Le Sénégal, d'une grande originalité, s'est doté de 15 députés de la diaspora censés représenter une quinzième région du Sénégal. Cette initiative partait de bons sentiments à savoir que le Sénégal ce n'est pas seulement que les Sénégalais de l'intérieur, mais aussi les Sénégalais de l'extérieur.
Par conséquent, la diaspora est le prolongement géographique du Sénégal à travers ses nationaux établis à l'étranger. On raconte que le premier homme que Armstrong a rencontré sur la lune c'est un Peul, un peu nomade, né avec une valise sur la tête.
Initialement, la destination des émigrants sénégalais c'était la RCI, le Congo ou le Gabon. Maintenant, je ne parle pas de la destination emblématique de la France. J'ai de la famille à travers tous les continents, avec des destinations nouvelles, comme les États-Unis le Canada, le Japon ou la Chine.
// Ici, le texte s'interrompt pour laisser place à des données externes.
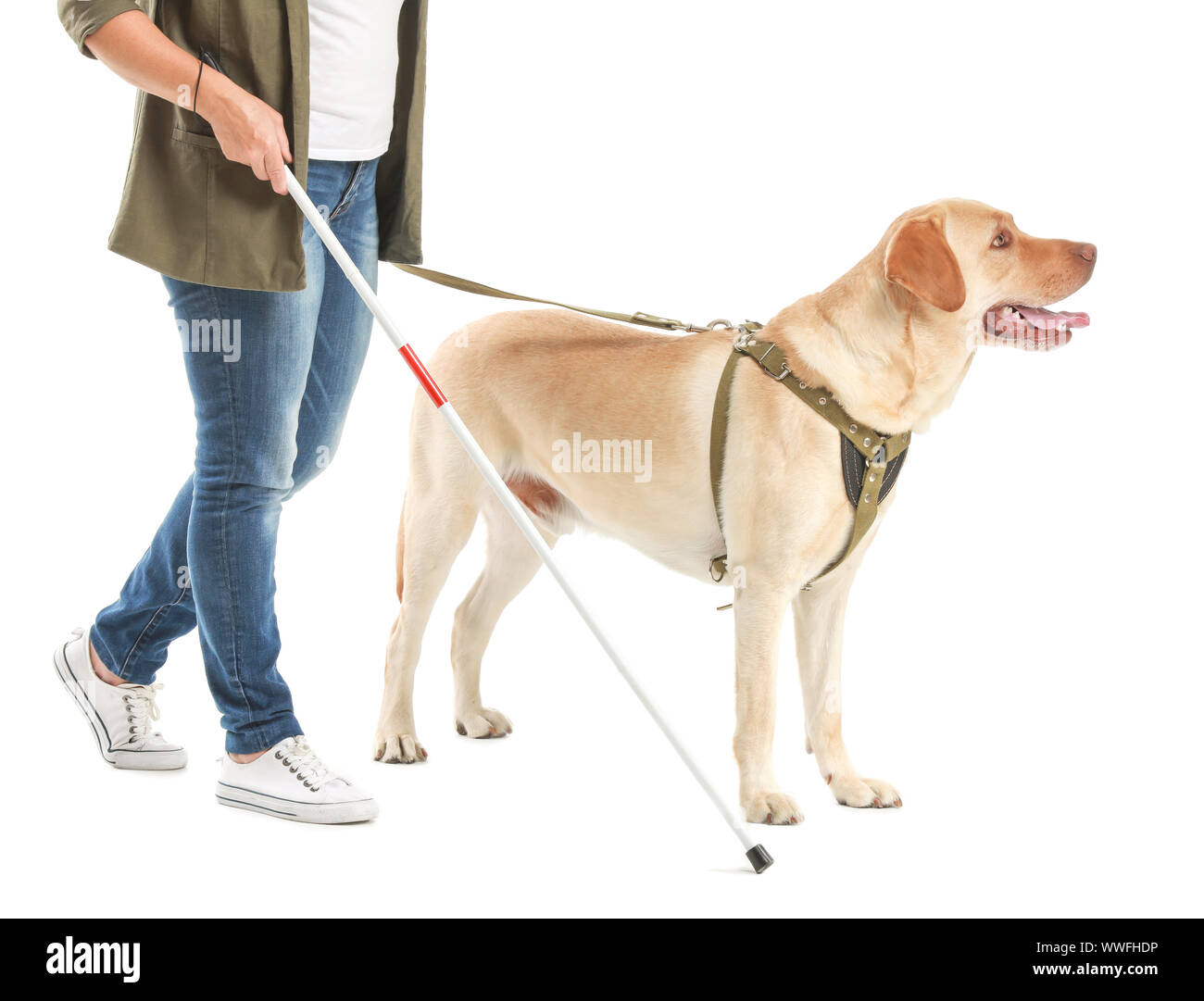 Blind woman chien-guide sur fond blanc Banque D'Images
Historiquement, ces Soninkés les précurseurs de l'immigration en France, notamment dans les ports de Marseille Bordeaux ou du Havre. En effet, les Soninkés sont les premiers à faire venir leurs familles et à choisir la nationalité française. «C'est la tombe ou Bordeaux» disaient-ils. Blaise DIAGNE et Ngalandou DIOUF les avaient ciblés comme clientèle politique. Les Peuls, en retard, mais finalement, ont fait venir les épouses, mais tout en disposant de puissantes associations villageoises avec des projets sociaux au Sénégal. La communauté Ouolof, au début, constituée de marchands ambulants, est en profonde mutation, à travers l'immigration familiale ; des jeunes sont nés en France et sont donc des citoyens français.
Quel bilan critique de cette représentation à l’Assemblée nationale des quinze députés de la diaspora ?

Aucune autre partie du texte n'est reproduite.